By Bryony Welch, now in temporary ordination at Gampo Abbey.
I arrived at Dechen Chöling almost a year ago, in mid-October, a bit dried up. Having just completed my degree in London, I was stressed out, disconnected and feeling unsure of what I wanted from life. I came because I trust in the power of meditation practice to settle the mind and because I felt that the way I’d been approaching life recently was not working.

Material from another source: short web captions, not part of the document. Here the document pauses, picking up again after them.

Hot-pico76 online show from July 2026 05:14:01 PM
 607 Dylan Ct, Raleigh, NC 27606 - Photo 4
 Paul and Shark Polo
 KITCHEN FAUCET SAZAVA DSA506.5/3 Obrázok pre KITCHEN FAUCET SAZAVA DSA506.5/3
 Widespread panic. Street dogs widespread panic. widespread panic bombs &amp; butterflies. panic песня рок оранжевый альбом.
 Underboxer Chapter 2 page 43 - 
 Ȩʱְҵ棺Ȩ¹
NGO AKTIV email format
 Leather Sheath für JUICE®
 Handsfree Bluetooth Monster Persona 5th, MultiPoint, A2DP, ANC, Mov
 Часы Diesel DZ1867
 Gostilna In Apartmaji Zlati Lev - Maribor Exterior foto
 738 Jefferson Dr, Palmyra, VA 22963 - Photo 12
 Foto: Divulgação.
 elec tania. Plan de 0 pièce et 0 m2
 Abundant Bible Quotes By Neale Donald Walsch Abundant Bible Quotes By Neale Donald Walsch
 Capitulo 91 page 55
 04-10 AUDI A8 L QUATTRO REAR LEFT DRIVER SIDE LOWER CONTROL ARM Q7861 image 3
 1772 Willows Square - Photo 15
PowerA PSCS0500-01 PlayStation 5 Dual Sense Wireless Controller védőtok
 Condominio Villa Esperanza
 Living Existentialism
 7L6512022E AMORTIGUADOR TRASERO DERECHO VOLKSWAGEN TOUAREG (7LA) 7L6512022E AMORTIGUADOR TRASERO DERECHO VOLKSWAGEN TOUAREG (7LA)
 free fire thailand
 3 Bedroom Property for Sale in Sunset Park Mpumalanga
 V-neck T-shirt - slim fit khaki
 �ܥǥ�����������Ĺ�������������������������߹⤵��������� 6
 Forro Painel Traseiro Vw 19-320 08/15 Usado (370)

As an ‘MIA’ – somebody in the Meditation In Action programme, you volunteer in of the departments in Dechen Chöling for several hours during the day. I spent what seemed to be the whole of one long autumn raking leaves into huge piles which we’d then transport to the compost on what is optimistically called a ‘tractor’ (a lawnmower with a trailer attached) and then winter constructing a bench from scratch using pallets which I deconstructed and sanded down. Others cook, clean, and help in the boutique.
The Buddhist truths of suffering, impermanence are not escaped from in a spiritual community. In a way, they are highlighted as people come and go, dynamics shift. Living within a community provides its own set of challenges, and sometimes there are disagreements, discord, and frustration.
In Shambhala, there has been a crisis involving the Sakyong, the spiritual leader of the organisation and the teacher of the Vajrayana path. Revelations about his behaviour towards his students and followers came out last year, and have provided a knock to the Shambhala communities across the globe which left some of his students feeling disappointed and disillusioned, as well as impacting the centres financially. This has affected Dechen Chöling.
And yet, it is not just suffering and impermanence which are highlighted, but also that we indeed have a precious human life. As an MIA you become attuned to the power we hold within us for using the always look within, to use the obstacles that we face as fuel for our spiritual growth and transformation.
It’s been wonderful to be at Dechen Chöling. I’ve been nurtured in my practice, and my understanding of Buddhism and meditation has expanded and deepened. I have had a lot of fun, with a lot of great people. Having now left Dechen Chöling, I continue to miss it and recommend it to anyone who is looking to develop their practice in a supportive yet relaxed community.